The forecast, according to the U.N.’s World Population Prospects database:
- 2010: 6.8 billion
- 2020: 7.6 billion
- 2030: 8.2 billion
- 2040: 8.7 billion
- 2050: 9.1 billion
Better get started early on that Christmas shopping.
Mare Rides
Folk remedies to prevent nightmares:
- Stop up the keyhole, place your shoes with the toes facing the door, then get into bed backward.
- Put something made from steel, such as an old pair of scissors, in your bedstraw.
- Urinate into a clean, new bottle, hang the bottle in the sun for three days, carry it — without saying a word — to a running stream, and throw it over your head into the stream.

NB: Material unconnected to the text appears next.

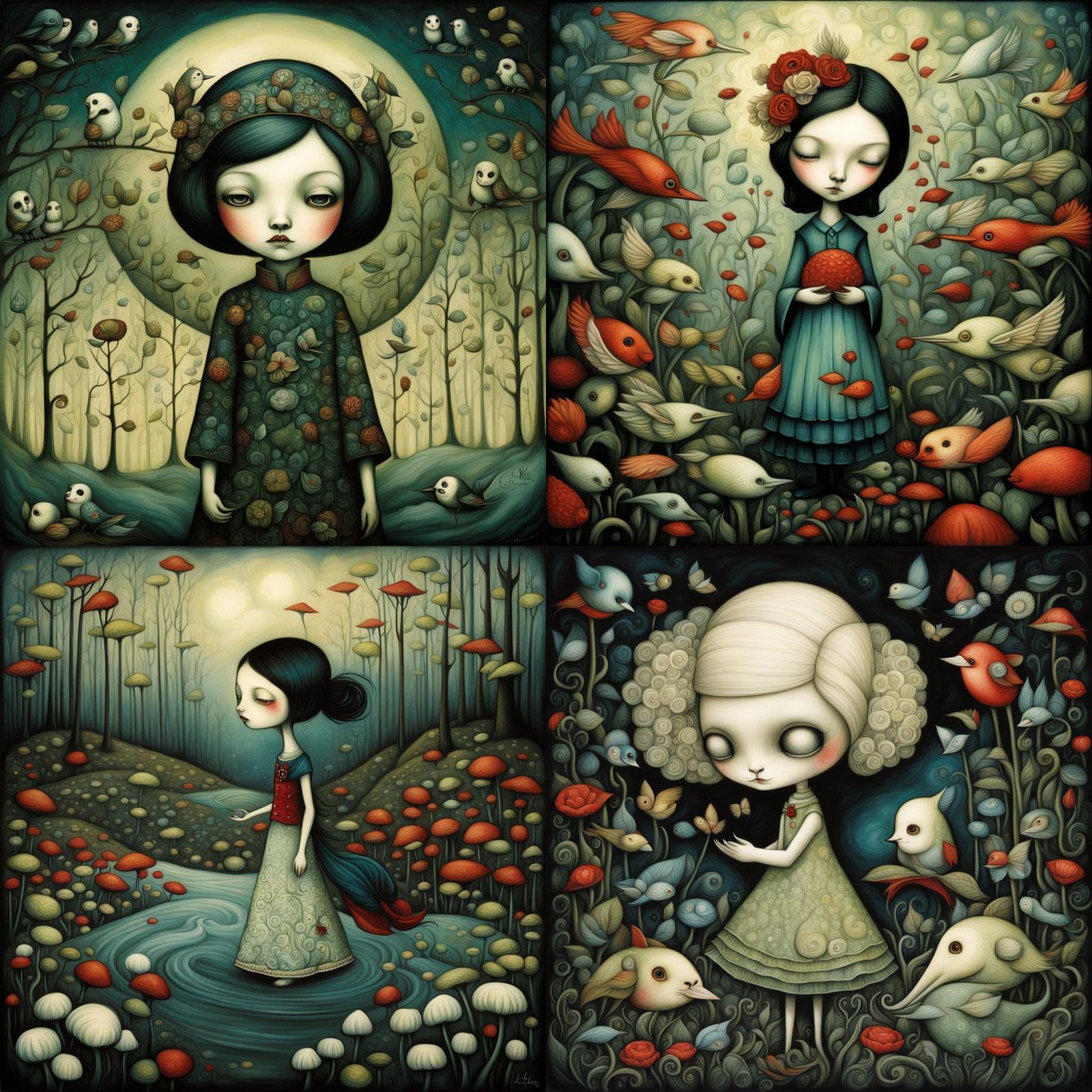 Whimsical Portrait in Dreamlike Illustration Style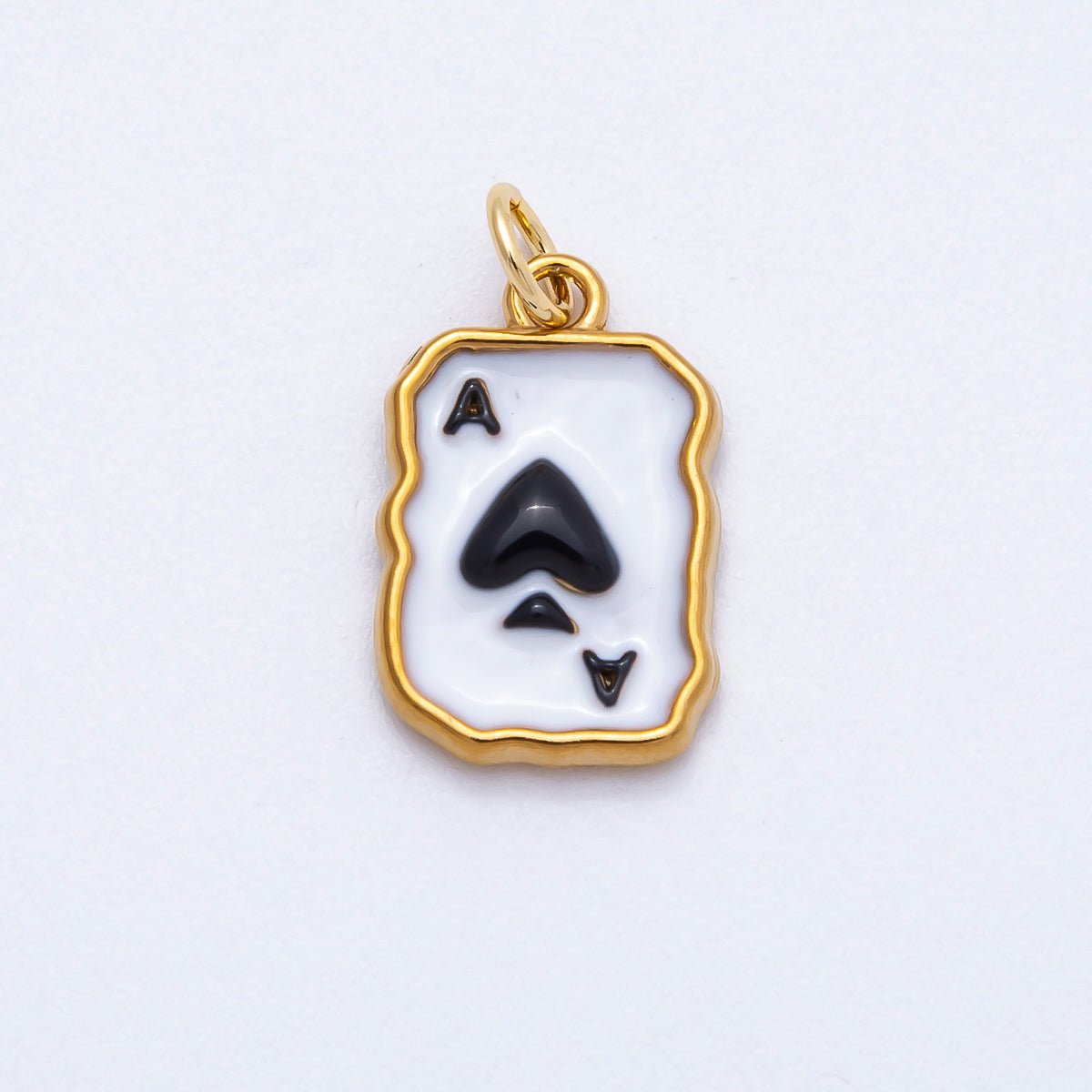 PVD Stainless Steel 17mm Black & White Ace of Spades Charm | Charms - 00712 - DLUXCA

Or take a small child free of sin, soak it in a bath for a couple of hours, then dry it on a goat or a sheep. The next night, sleep with the naked baby in your bed and you’ll never have nightmares again.
Nimrod, Minnesota
Unfortunate place names:
- Accident, Maryland
- Big Ugly Wilderness Area, West Virginia
- Difficult, Tennessee
- Effort, Pennsylvania
- Foulness, Essex, England
- Hell For Certain, Kentucky
- Hole in the Ground, Oregon
- Nothing, Arizona
- Pity Me, County Durham, England
- Toadsuck, Texas
Niemyje-Zabki, Poland, means “He is not cleaning his teeth.”
Red Alert
Next time you visit the circus, if the band starts playing “Stars and Stripes Forever” — run. The hymn is known as the “disaster march”; it’s played during a life-threatening emergency to organize aid and evacuate the audience without panic.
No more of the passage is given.